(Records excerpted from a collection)
▼
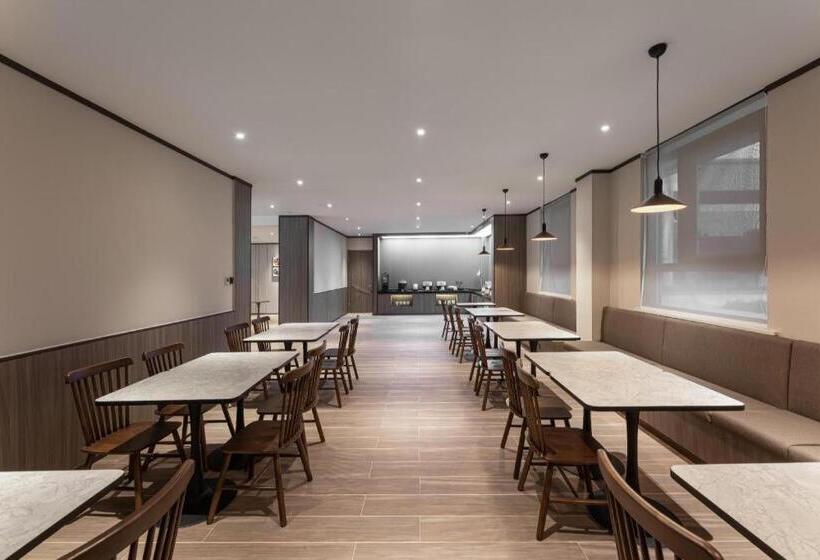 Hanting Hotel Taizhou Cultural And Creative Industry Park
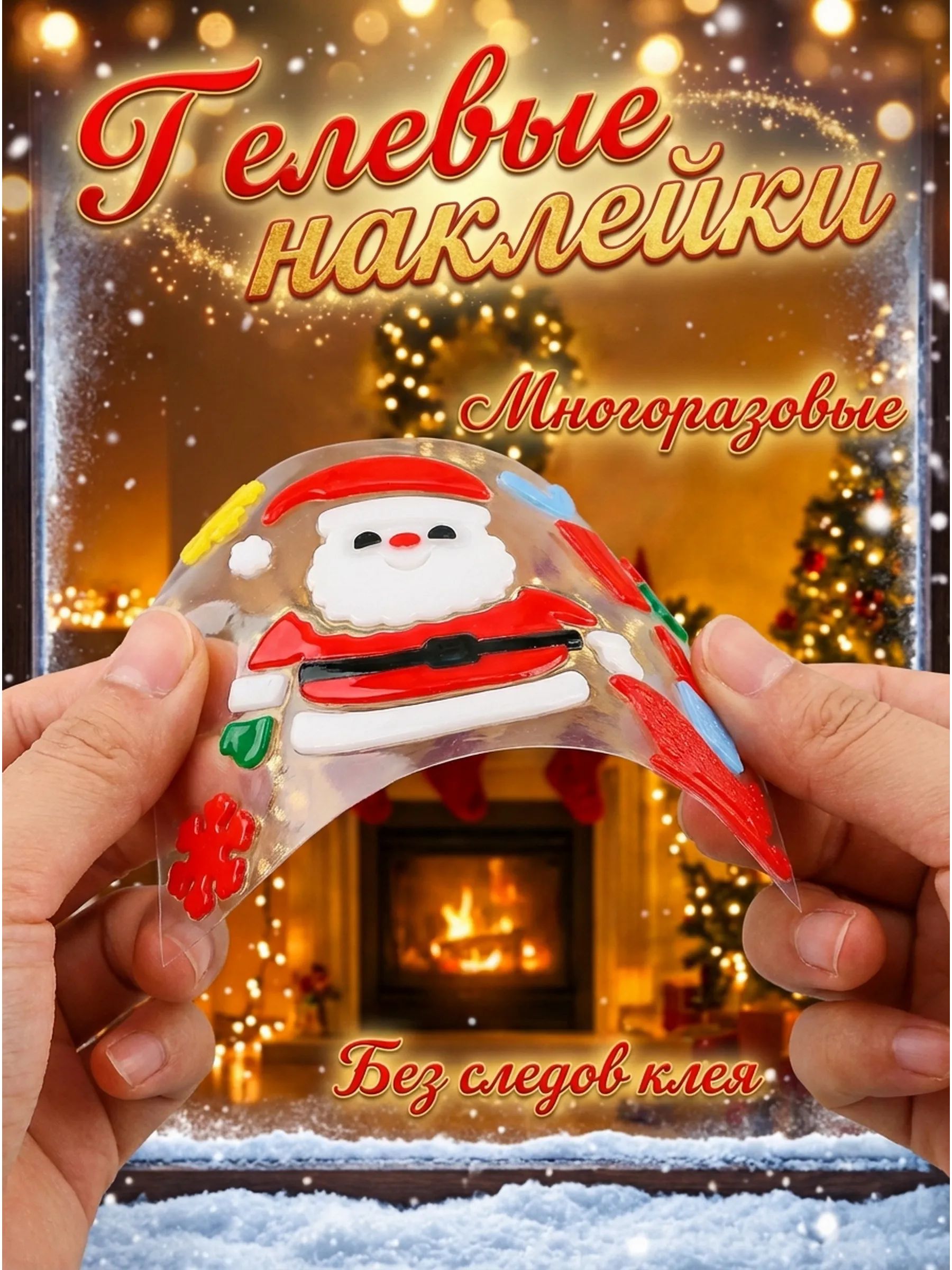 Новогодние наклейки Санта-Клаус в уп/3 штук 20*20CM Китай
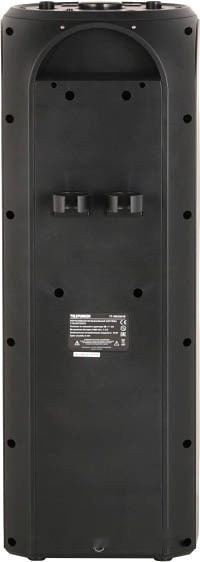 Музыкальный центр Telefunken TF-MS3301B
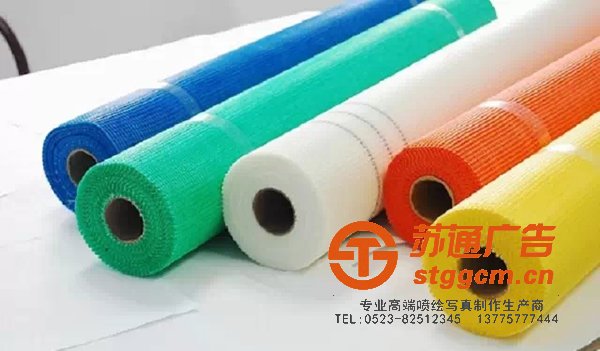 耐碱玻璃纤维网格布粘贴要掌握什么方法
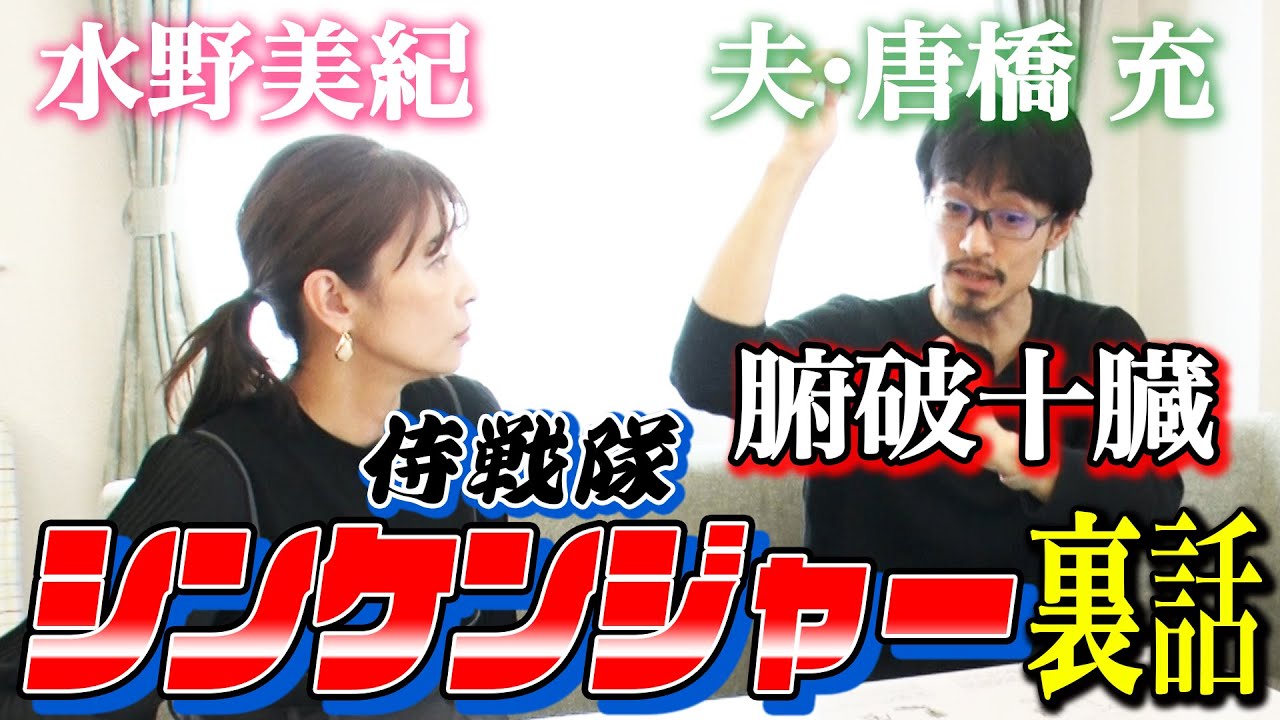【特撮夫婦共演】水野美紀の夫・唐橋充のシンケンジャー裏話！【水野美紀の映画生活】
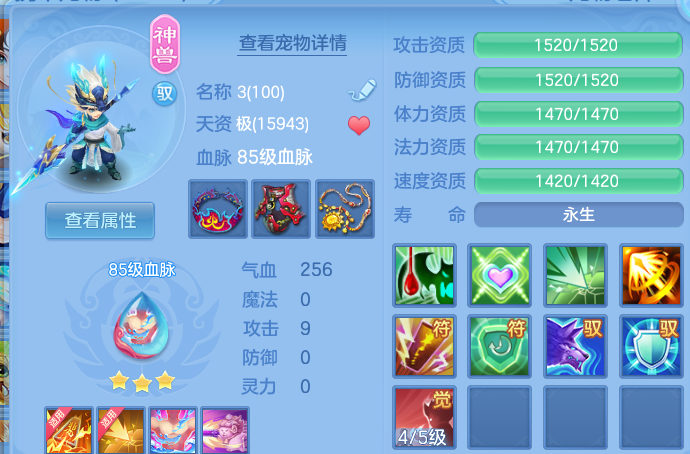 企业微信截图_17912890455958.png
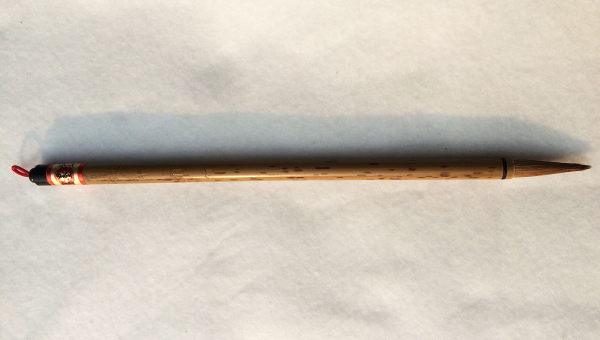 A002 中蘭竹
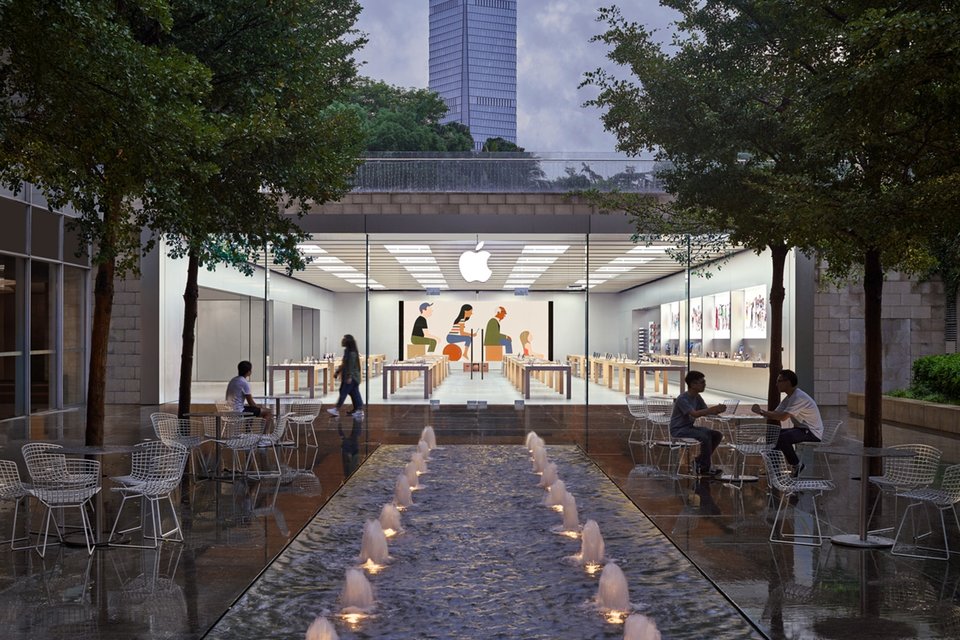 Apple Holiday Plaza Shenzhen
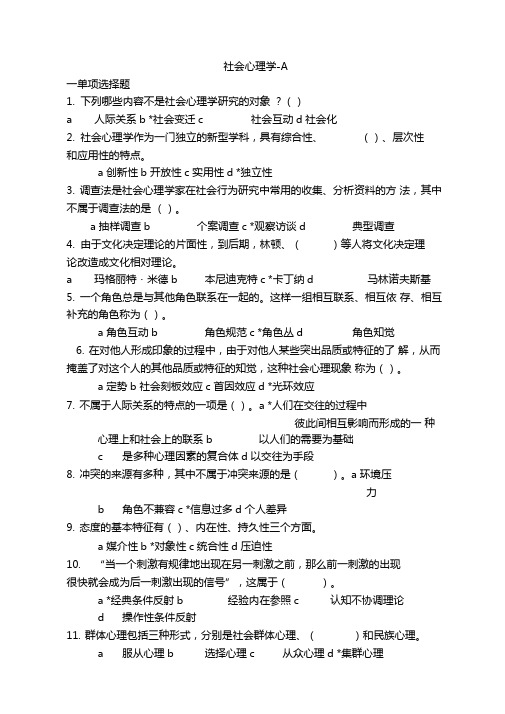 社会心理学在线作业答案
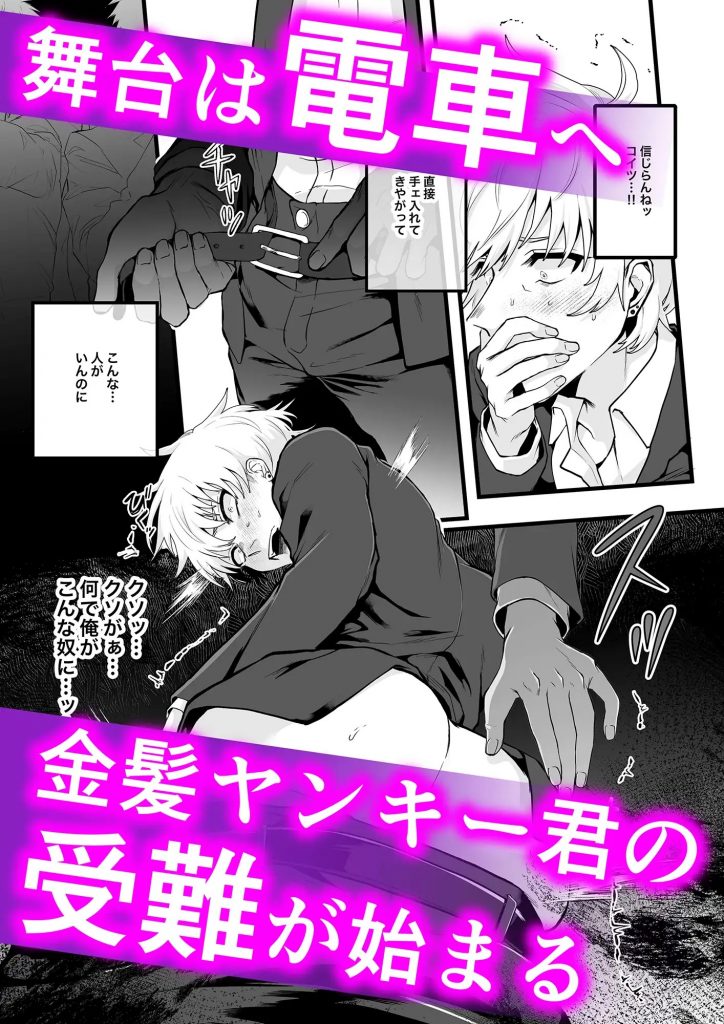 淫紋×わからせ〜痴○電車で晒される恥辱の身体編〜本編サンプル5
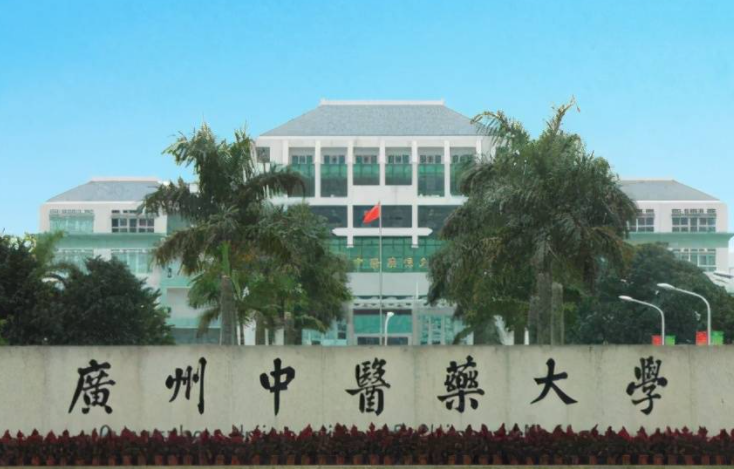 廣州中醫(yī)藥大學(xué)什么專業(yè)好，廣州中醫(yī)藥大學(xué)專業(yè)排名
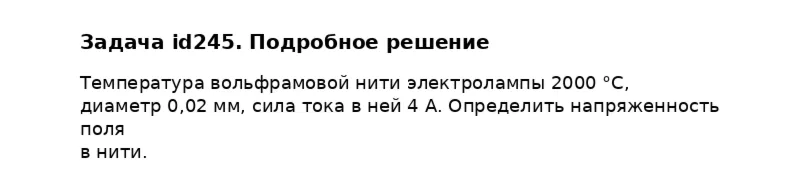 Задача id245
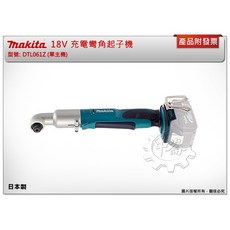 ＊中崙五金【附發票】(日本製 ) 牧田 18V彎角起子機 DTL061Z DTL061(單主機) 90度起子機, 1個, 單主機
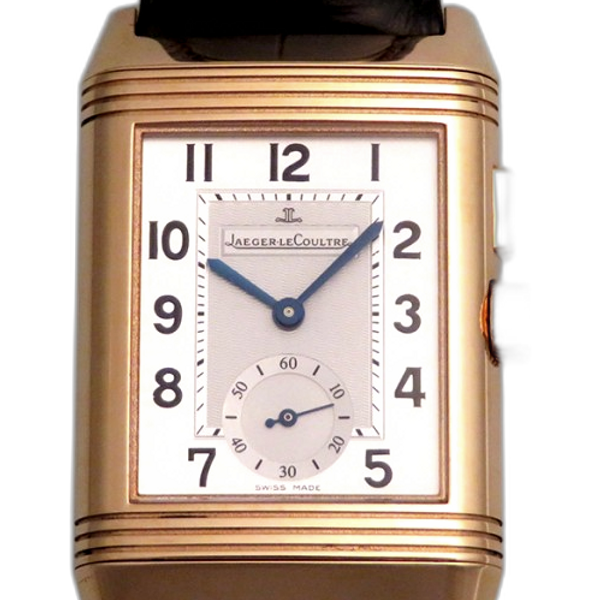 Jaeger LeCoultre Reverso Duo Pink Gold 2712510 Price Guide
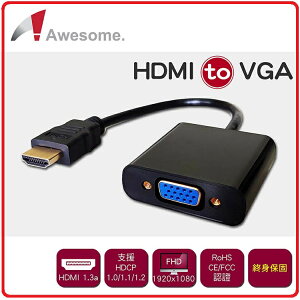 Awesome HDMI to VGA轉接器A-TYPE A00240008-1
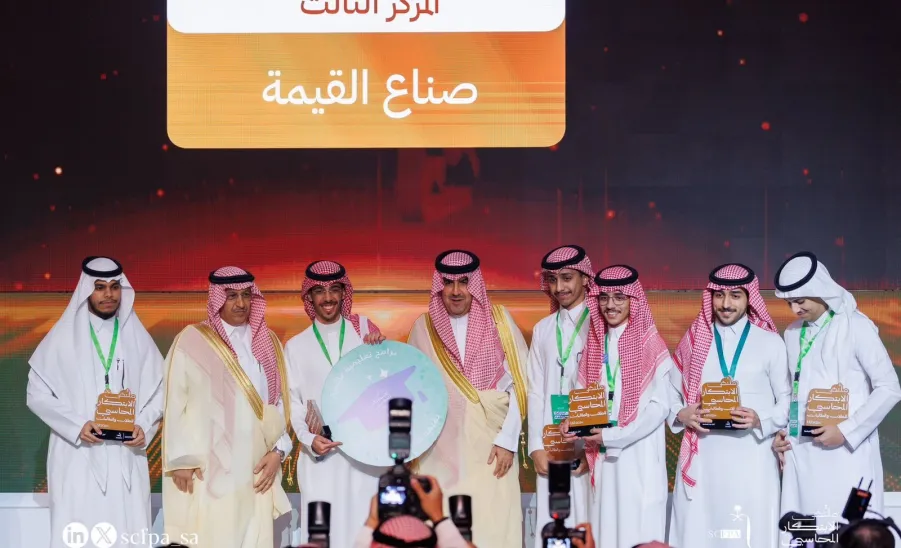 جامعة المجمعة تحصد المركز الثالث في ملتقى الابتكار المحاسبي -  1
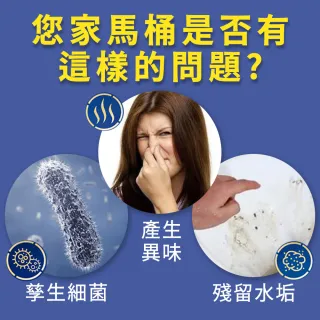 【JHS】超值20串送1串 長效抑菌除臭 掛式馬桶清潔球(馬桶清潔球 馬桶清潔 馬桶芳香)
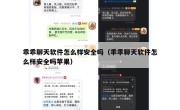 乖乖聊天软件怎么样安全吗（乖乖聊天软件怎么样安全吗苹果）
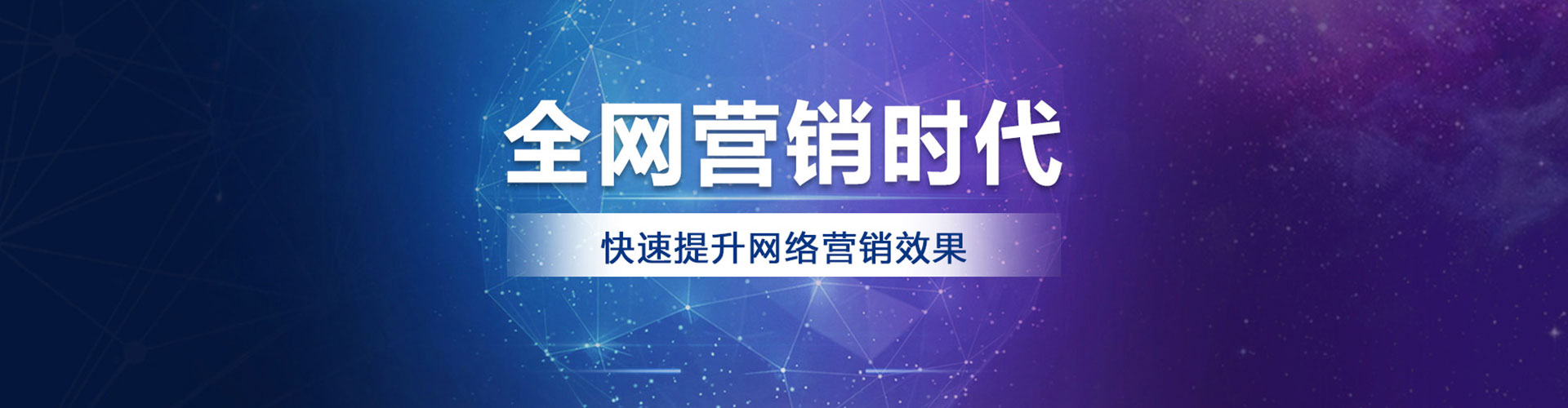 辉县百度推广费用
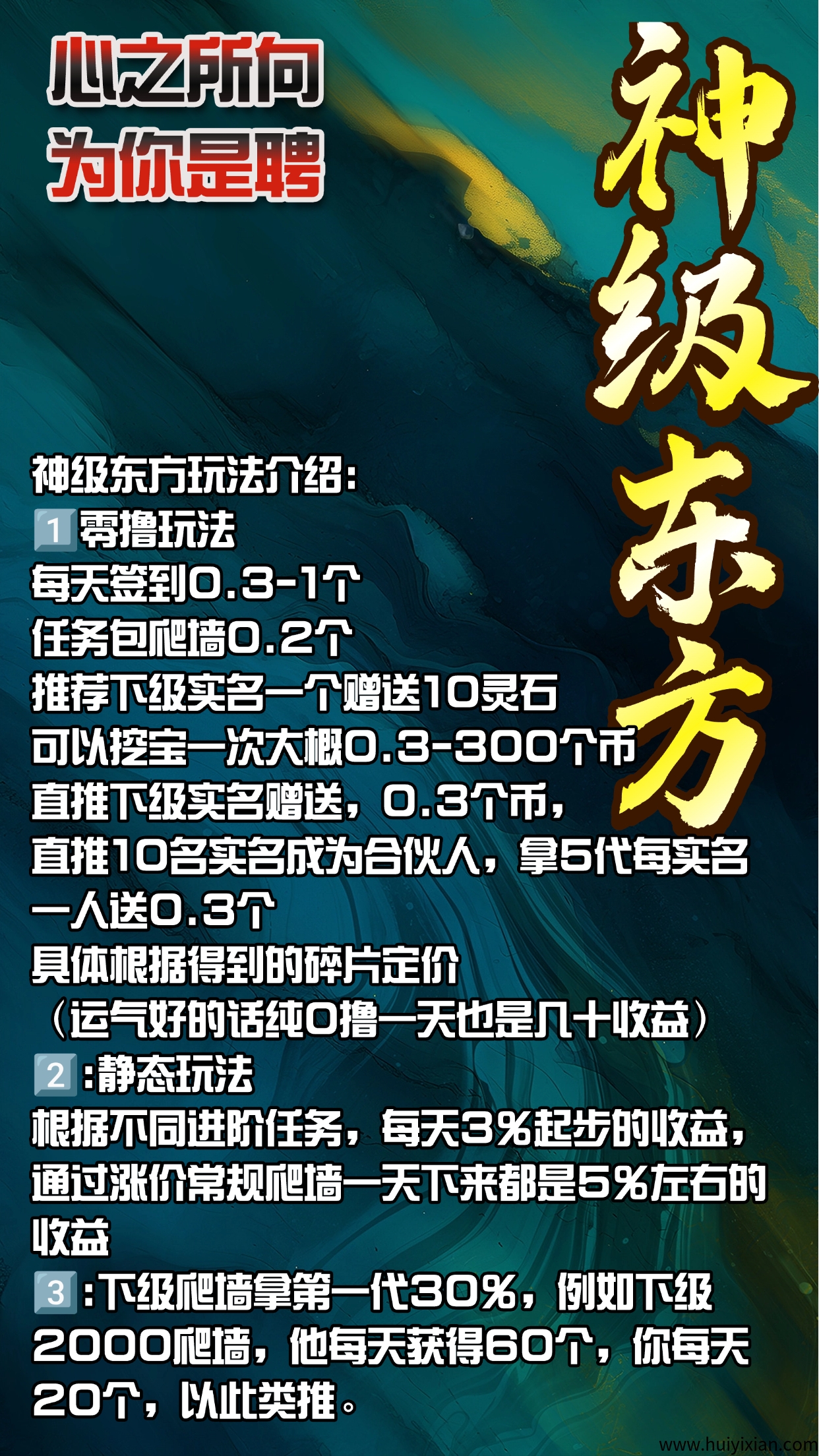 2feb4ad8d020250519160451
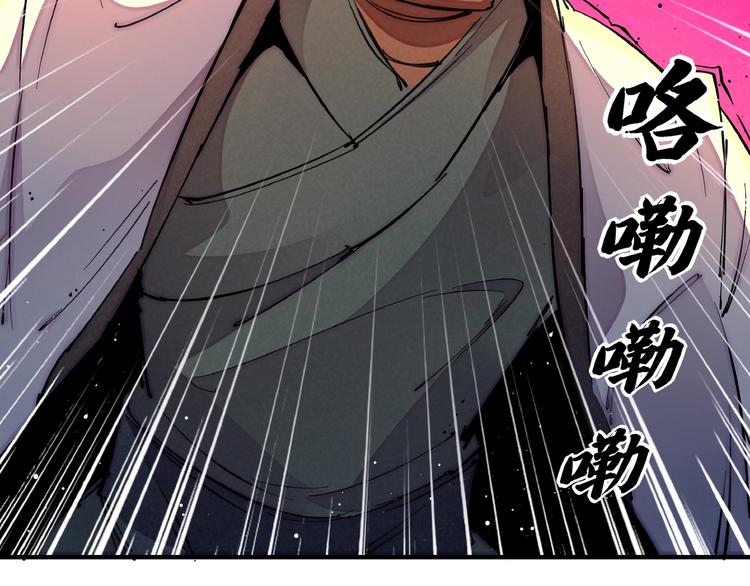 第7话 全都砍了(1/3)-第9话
▲
WHAT YOU SHOULD DO:
Give again the stretch of lines above from the one with "90度起子機, 1個, 單主機" through the one with "掛式馬桶清潔球(馬桶清潔球 馬桶清潔 馬桶芳香)", both ends kept, and copy no pictures.

TASK ANSWER:
 ＊中崙五金【附發票】(日本製 ) 牧田 18V彎角起子機 DTL061Z DTL061(單主機) 90度起子機, 1個, 單主機
 Jaeger LeCoultre Reverso Duo Pink Gold 2712510 Price Guide
 Awesome HDMI to VGA轉接器A-TYPE A00240008-1
 جامعة المجمعة تحصد المركز الثالث في ملتقى الابتكار المحاسبي -  1
 【JHS】超值20串送1串 長效抑菌除臭 掛式馬桶清潔球(馬桶清潔球 馬桶清潔 馬桶芳香)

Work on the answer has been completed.